First, some formalities:

Label the vertices $1,...,n$ in order and let $\oplus$ denote addition mod $n$. I'll denote going around the cycle in increasing order as 'going to the right'.

Clearly, since the walk is symmetric and the graph is transient, $P_t(x,y)=P_t(y,x)=P_t(y\oplus (n-y),x\oplus (n-y))$. Hence, it suffices to consider $P_t(1,j)$ for general $j$.

And now, a proof:

You're absolutely correct that $P_t(1,j)>0$ if and only if there exists a path $(\alpha_s)_{1\leq s\leq t}$ of neighbours such that $\alpha_1=1$ and $\alpha_t=j$. Hence, we want to find the minimal $t$ such that there exists some path of length $t$ from $1$ to $j$ for all $j$. Let's argue that $t\leq n-1$, i.e. that $t=n-1$ satisfies the condition.

It's clear that there is a path of said length from $1$ to $n$ , namely the path of length $n-1$ that keeps going to the right. If you have a path of length $n-1$ from $1$ to $j$ such that the second to last step is $j-1$, you also get a pth of length $n-1$ from $1$ to $j-2$ by simply reversing the last step. Thus, there is a path of length of $n-1$ from $1$ to every odd $j$. However, the same logic applies to the path of length $n-1$ which goes left from $1$ until it hits $2$, and we get that there exists a path of length $n-1$ from $1$ to any even $j$. Thus, $t\leq n-1$.

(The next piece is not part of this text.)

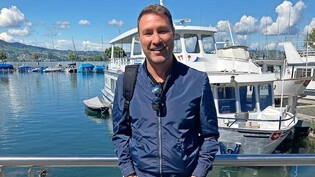 Jeff Tomlinson tritt die Reise in die Region am anderen Ende des Zürichsees an – nach Kloten, wo er den Traditionsklub in die National League führen soll.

Now, let $t<n-1$ and let us find a $j$ such that $P_t(1,j)=0$. If $t$ is odd, then $P_t(1,1)=0$, since no path of length less than $n$ can form a full loop of the cycle. If, on the other hand, $t$ is even, we see that $P_t(1,2)=0$. Indeed, for any walk $(\alpha_s)_{0\leq s\leq t}$ with $\alpha_0=1$, we see that $\alpha_s-2$ is odd for even $s$ unless at some point $\alpha$ goes from $1$ to $n$ and never crosses back again to $1$ - in particular it $\alpha_t-2$ could not be $0$. However, $n-2>t-1$, so even if $\alpha_1=n$, it's impossible that $\alpha_t$ could be $2$.

We conclude that $t=n-1$ is, indeed, minimal.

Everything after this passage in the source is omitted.